European Energy Risk Index (EERI)

Historical snapshot for May 27, 2026

European Energy Risk Index:
22 / 100 (MODERATE)
0 = minimal risk · 100 = extreme systemic stress
7-Day Trend: (+5)
Date Computed: May 28, 2026 at 01:31 UTC

Primary Risk Drivers:

  • Shrinking Oil Inventories Raise Fears of Prolonged Energy Crisis
  • Mozambique Contests TotalEnergies' $2 Billion Cost from LNG Project Delay
  • How badly is Europe affected by fertiliser shortages due to the Iran war?

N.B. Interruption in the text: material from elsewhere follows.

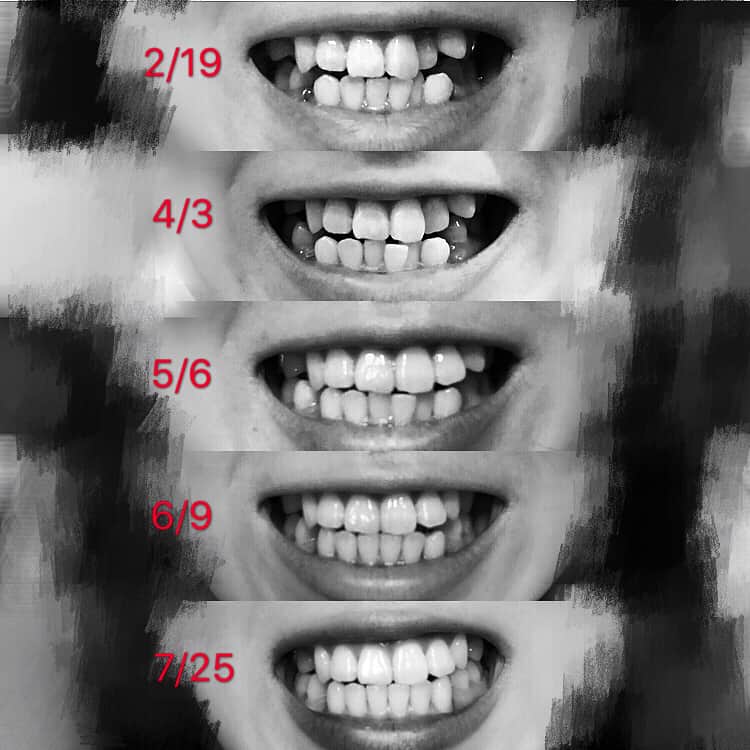 ファーストサマーウイカさんのインスタグラム写真 - (ファーストサマーウイカInstagram)「抜いた後ろの歯がかなり動いて来ました。 センターがまた少しズレました。 行ったり来たり繰り返しますね。  確実に綺麗になっています。 #ウイカ裏側矯正記録  #裏側矯正  #矯正女子」7月25日 22時05分 - f_s_uika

(Based on recent EnergyRiskIQ alerts) View alerts →

Top Regions Under Pressure:

  • Europe (Primary)
  • Black Sea (Secondary)
  • Middle East (Tertiary)

Assets Most Affected:

Natural GasCrude Oil

Today’s European Energy Risk Index points to a moderate level of structural stress across the continent’s energy markets, underscoring the need for vigilant but not extraordinary monitoring. The risk band reflects persistent but manageable pressures on oil and gas flows, with no acute asset-level transmission stress but a notable uptick in regional contagion factors. For market participants, the implications are clear: while immediate disruptions are not overwhelming, the underlying fragility—particularly in oil inventories and geopolitical supply chains—demands careful attention. European industries and consumers may face increased volatility in pricing and supply reliability, especially as the continent navigates the ongoing impacts of the Iran war and related disruptions.

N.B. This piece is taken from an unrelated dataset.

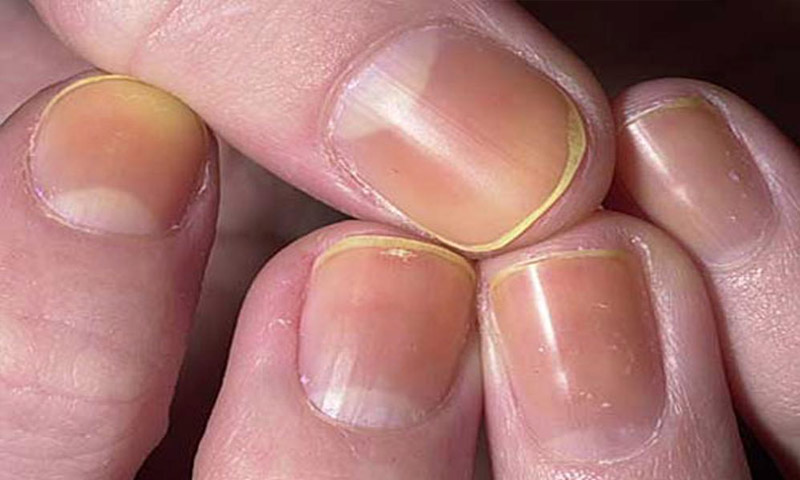 What do your Nails Say about your Health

Delving into the day’s headline drivers, the shrinking oil inventories across Europe are amplifying fears of a prolonged energy crisis. This is further complicated by the Iran war’s ripple effects, such as the first-ever shipment of Strategic Petroleum Reserve oil to California—a stark indicator of global supply chain stress that could reverberate through European markets. The contestation by Mozambique over TotalEnergies’ $2 billion cost from LNG project delays signals deeper uncertainties in alternative gas supply routes, potentially limiting Europe’s ability to diversify away from its traditional suppliers. Meanwhile, the fertiliser shortages linked to the Iran conflict are beginning to affect European agriculture, hinting at broader economic consequences that extend beyond energy markets. The currency volatility, particularly the yen’s struggles amid Iran tensions, adds another layer of complexity, as exchange rate instability can impact energy trading and contract settlements across Europe.

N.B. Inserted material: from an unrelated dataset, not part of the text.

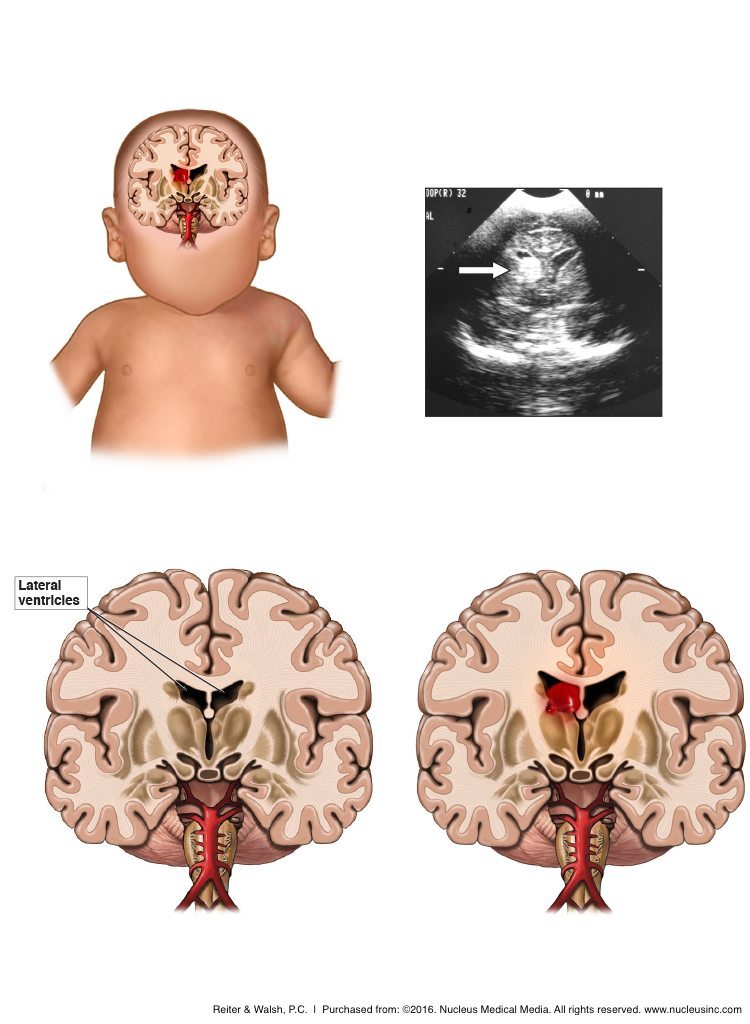 Brain-Hemorrhage-in-Infant.jpg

Looking ahead, market professionals should closely monitor developments in the Iran war and their cascading effects on global energy flows. The onset of summer, typically associated with higher demand for cooling and transportation fuels, could exacerbate inventory tightness and price volatility. Any escalation in the Iran conflict or further delays in LNG projects—such as those in Mozambique—would heighten contagion risks and potentially push the risk index higher. Conversely, diplomatic breakthroughs or accelerated restoration of supply chains could provide relief, though such outcomes currently appear uncertain.